- Work task -
Give back the exact lines of the material below from the one containing "Клавиатура беспроводная Dragonwarrior" through the one containing "The Warbler - Amazing", and no pictures.

- Provided records -
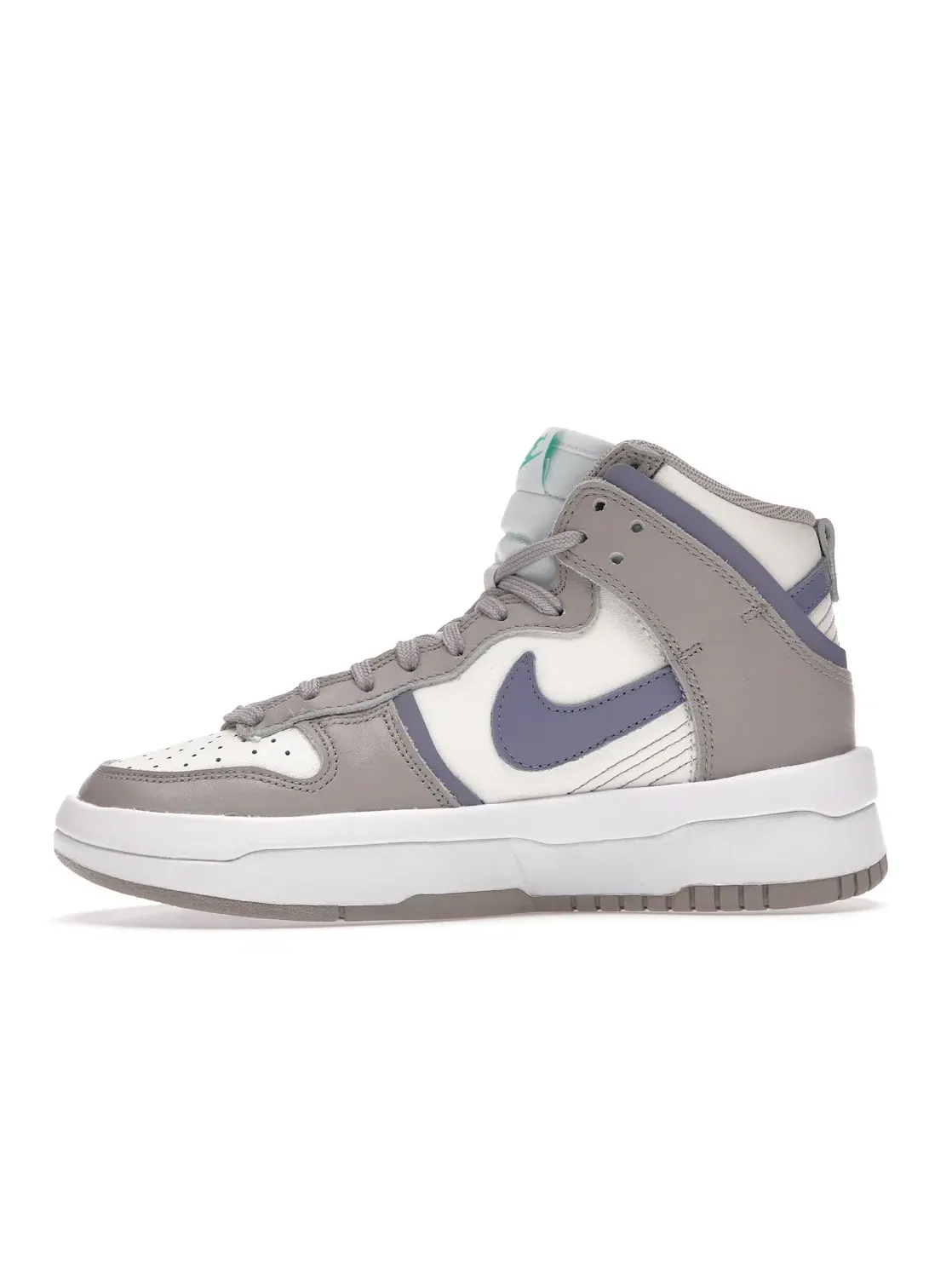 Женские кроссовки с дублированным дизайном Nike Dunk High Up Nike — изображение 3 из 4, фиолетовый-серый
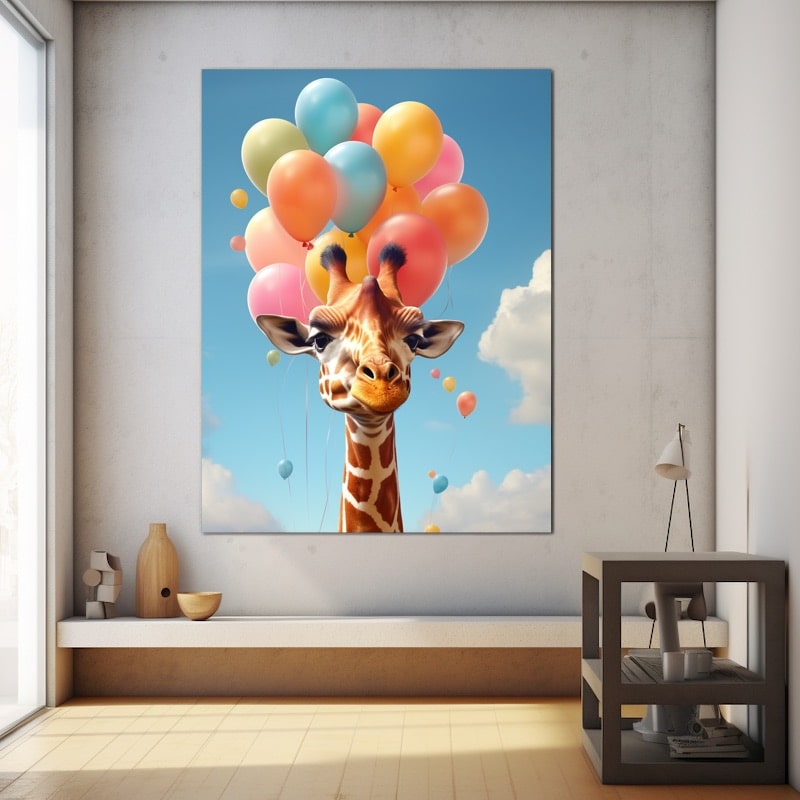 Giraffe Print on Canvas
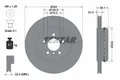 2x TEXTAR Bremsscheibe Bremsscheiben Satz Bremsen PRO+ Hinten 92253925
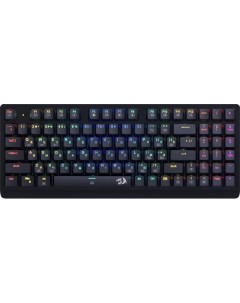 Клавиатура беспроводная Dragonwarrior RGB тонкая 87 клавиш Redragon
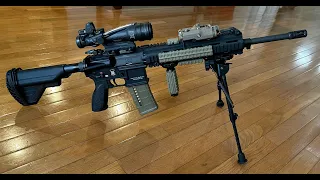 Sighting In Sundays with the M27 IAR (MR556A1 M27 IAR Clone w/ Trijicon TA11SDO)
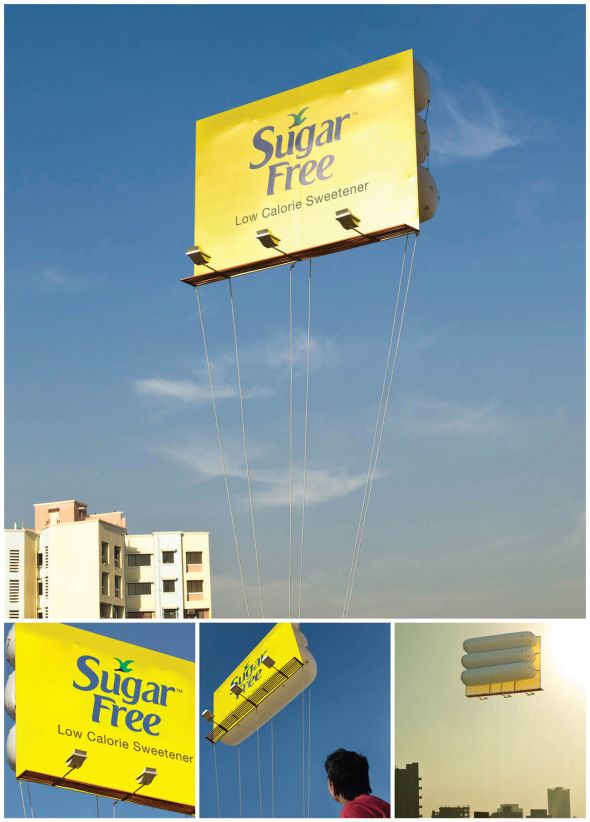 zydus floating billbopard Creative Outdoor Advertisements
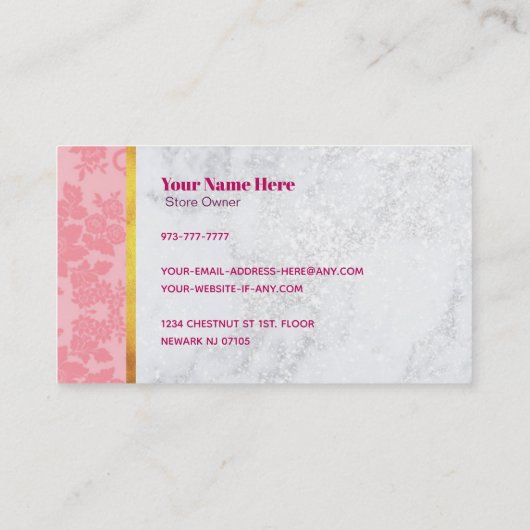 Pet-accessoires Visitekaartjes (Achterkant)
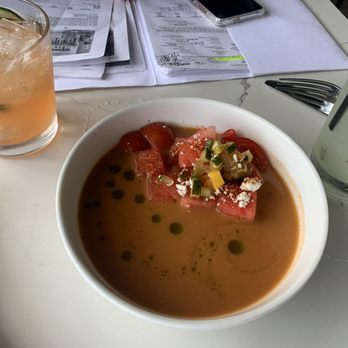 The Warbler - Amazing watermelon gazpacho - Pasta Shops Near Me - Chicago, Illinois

==

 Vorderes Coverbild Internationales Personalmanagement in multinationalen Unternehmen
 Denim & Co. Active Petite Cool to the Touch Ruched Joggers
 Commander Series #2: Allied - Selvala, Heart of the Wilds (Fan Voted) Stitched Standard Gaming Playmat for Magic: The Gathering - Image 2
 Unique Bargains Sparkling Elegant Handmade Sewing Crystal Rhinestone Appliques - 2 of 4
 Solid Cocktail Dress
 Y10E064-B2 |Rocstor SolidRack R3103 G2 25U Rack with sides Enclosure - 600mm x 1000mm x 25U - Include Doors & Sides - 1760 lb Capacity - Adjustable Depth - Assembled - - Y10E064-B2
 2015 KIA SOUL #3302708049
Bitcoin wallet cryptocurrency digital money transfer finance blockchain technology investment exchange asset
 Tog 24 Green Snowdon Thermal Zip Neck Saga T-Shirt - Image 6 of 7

--

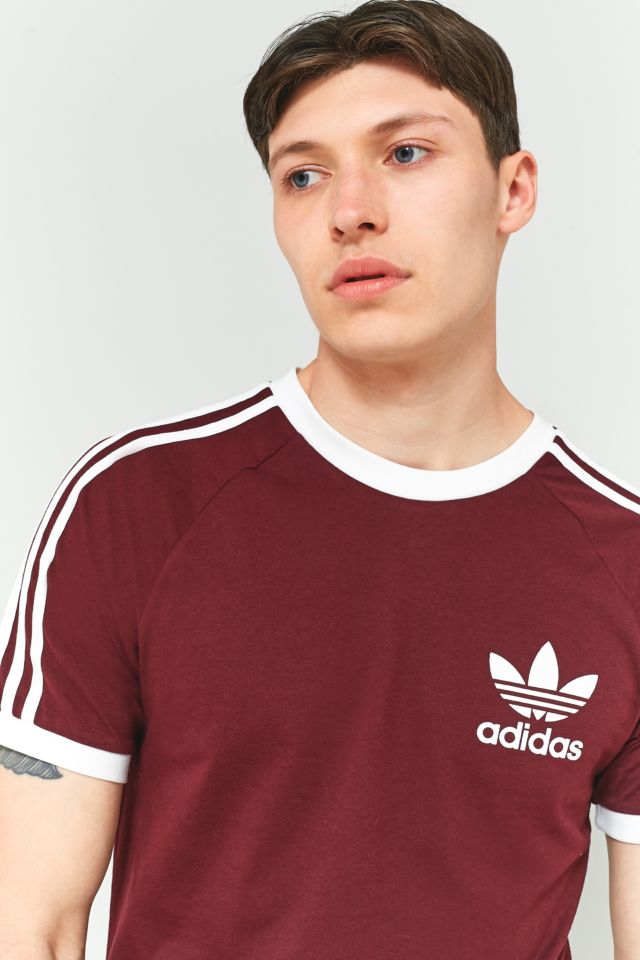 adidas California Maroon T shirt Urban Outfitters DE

- Answer section -
 Клавиатура беспроводная Dragonwarrior RGB тонкая 87 клавиш Redragon
 Sighting In Sundays with the M27 IAR (MR556A1 M27 IAR Clone w/ Trijicon TA11SDO)
 zydus floating billbopard Creative Outdoor Advertisements
 Pet-accessoires Visitekaartjes (Achterkant)
 The Warbler - Amazing watermelon gazpacho - Pasta Shops Near Me - Chicago, Illinois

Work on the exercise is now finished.